### EXERCISE DATA
_ _ _ _ _ _ _
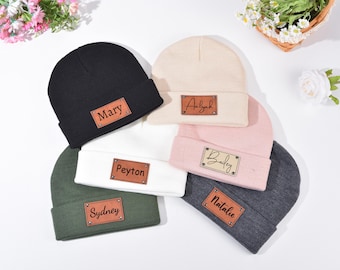 Knitted Baby Beanie: Personalized Winter Hat with Leather Name Patch
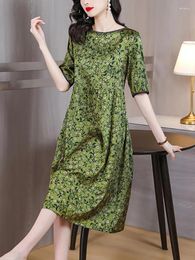 Party Dresses Women Green Floral Silk Satin Midi Dress Summer Fashion Short Sleeve Loose Waist 2024 Korean Vintage Luxury Elegant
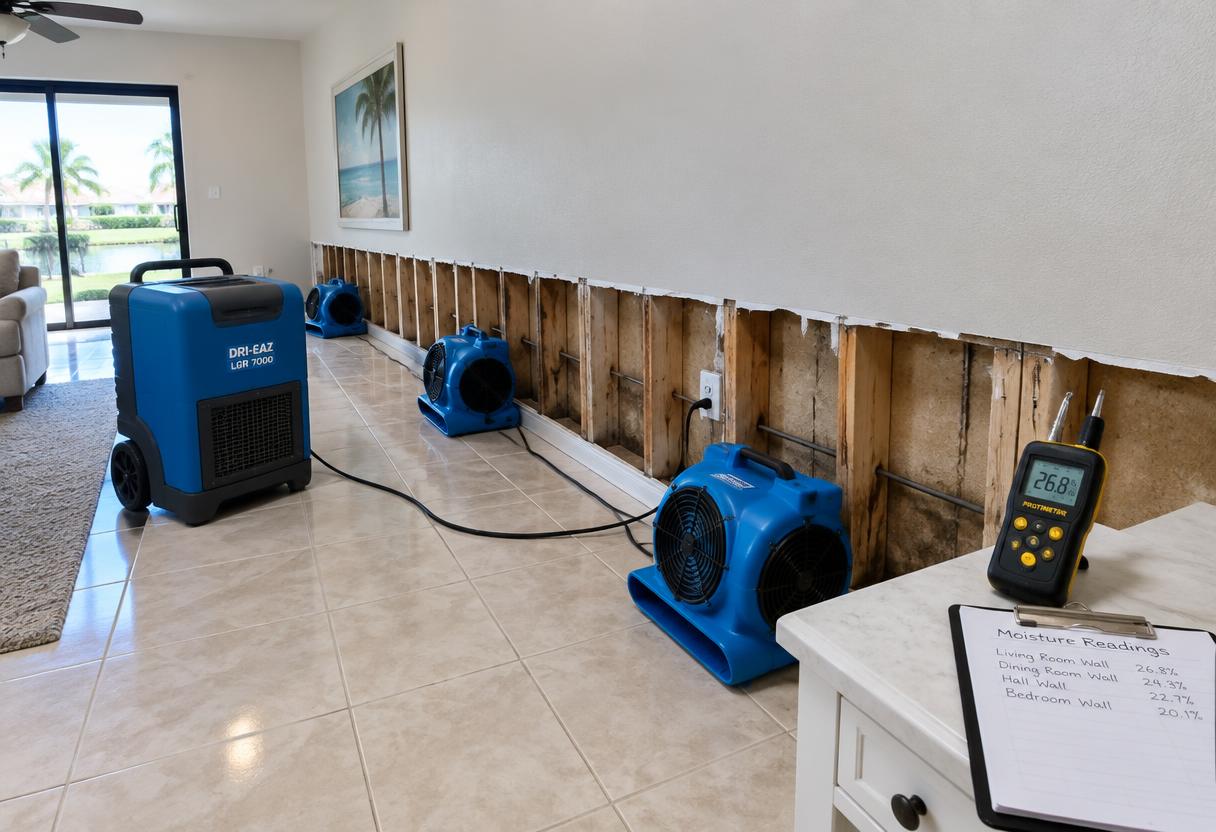 Open wall cavity in a Florida home being dried with air movers and a dehumidifier, moisture meter reading nearby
_ _ _ _ _ _ _
### YOUR INSTRUCTIONS
From the line holding "Party Dresses Women" to the last line of the listing, please output each line exactly as it stands. Pictures stay out of the copy.

### ANSWER
 Party Dresses Women Green Floral Silk Satin Midi Dress Summer Fashion Short Sleeve Loose Waist 2024 Korean Vintage Luxury Elegant
 Open wall cavity in a Florida home being dried with air movers and a dehumidifier, moisture meter reading nearby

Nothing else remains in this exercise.